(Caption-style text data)
——————————

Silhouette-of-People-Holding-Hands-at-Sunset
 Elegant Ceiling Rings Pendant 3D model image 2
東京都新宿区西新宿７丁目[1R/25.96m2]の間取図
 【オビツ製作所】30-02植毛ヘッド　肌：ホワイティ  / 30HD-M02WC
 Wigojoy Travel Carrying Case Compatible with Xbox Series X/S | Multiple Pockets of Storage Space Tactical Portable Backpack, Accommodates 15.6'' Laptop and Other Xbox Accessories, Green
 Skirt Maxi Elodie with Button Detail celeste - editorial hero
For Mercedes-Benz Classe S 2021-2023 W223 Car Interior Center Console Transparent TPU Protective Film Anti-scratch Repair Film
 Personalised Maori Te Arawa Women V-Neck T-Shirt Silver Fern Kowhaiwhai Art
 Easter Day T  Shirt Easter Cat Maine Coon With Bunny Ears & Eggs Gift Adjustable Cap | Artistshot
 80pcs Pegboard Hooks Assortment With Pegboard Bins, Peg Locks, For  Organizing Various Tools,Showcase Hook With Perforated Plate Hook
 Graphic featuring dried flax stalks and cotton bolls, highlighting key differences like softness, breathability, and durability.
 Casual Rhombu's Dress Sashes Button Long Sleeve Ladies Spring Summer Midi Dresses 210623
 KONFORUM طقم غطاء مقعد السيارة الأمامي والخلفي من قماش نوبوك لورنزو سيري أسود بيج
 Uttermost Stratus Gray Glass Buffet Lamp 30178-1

——————————

Lines from the one containing "Casual Rhombu's Dress" through the last line of the records, restated word for word: that is the whole response.

 Casual Rhombu's Dress Sashes Button Long Sleeve Ladies Spring Summer Midi Dresses 210623
 KONFORUM طقم غطاء مقعد السيارة الأمامي والخلفي من قماش نوبوك لورنزو سيري أسود بيج
 Uttermost Stratus Gray Glass Buffet Lamp 30178-1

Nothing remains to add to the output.